Provided material -
▬▬▬▬▬▬▬▬▬▬
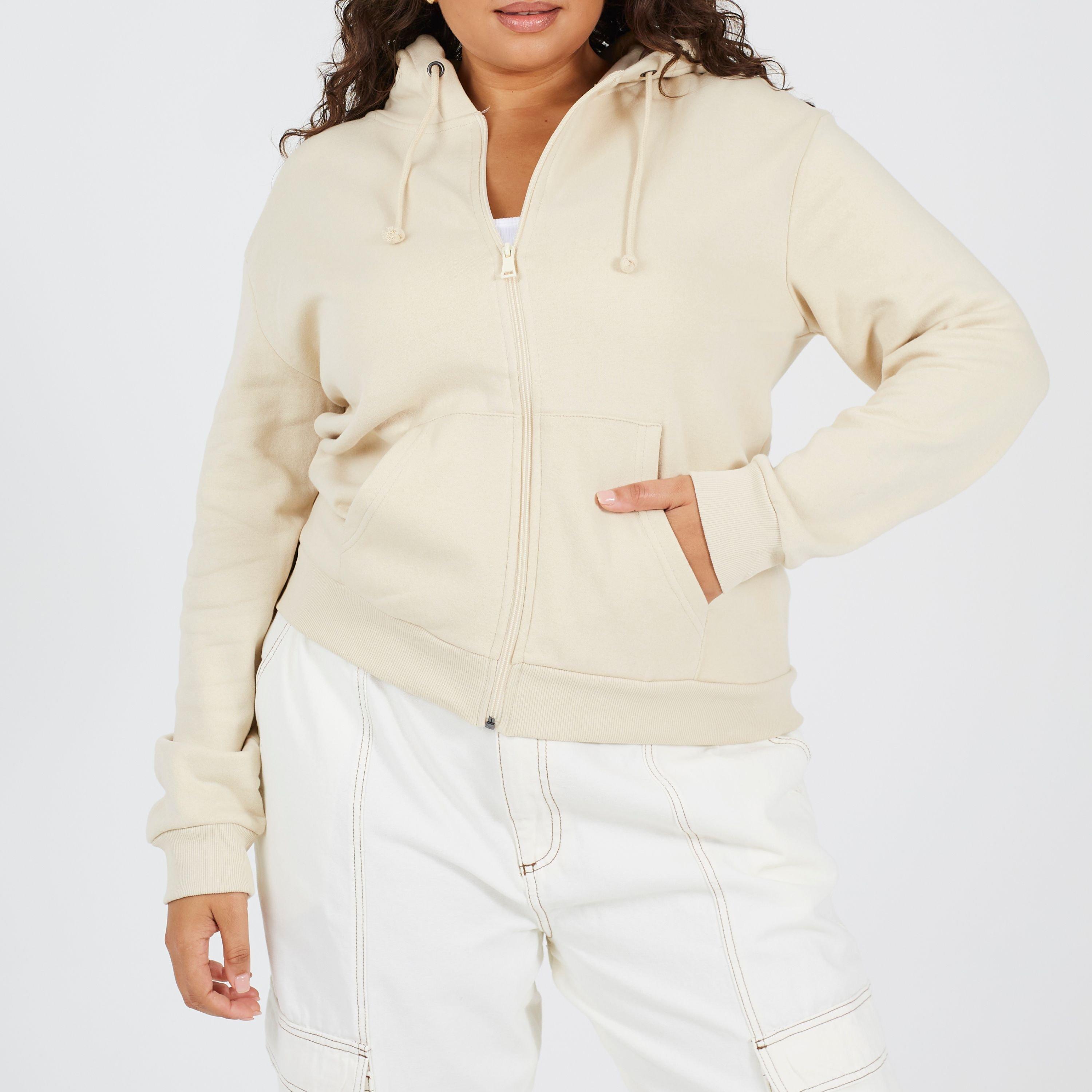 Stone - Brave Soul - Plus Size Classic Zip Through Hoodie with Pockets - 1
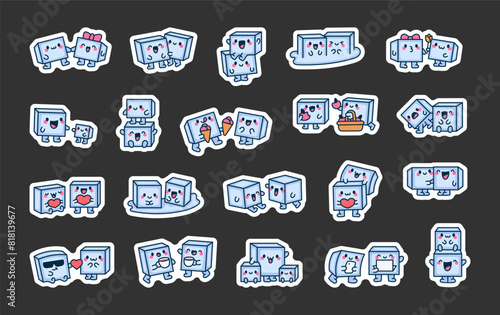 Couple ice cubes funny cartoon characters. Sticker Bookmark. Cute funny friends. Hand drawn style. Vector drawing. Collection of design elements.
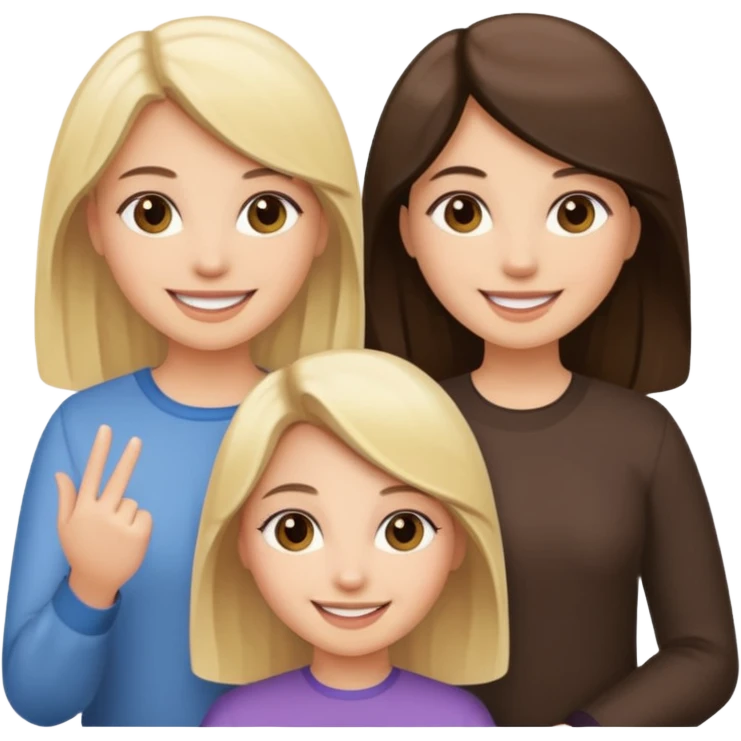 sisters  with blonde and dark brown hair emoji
▬▬▬▬▬▬▬▬▬▬
Exercise aim -
The listing must be repeated word for word, and none of its pictures may appear in the copy.

Output for this task -
 Stone - Brave Soul - Plus Size Classic Zip Through Hoodie with Pockets - 1
 Couple ice cubes funny cartoon characters. Sticker Bookmark. Cute funny friends. Hand drawn style. Vector drawing. Collection of design elements.
 sisters  with blonde and dark brown hair emoji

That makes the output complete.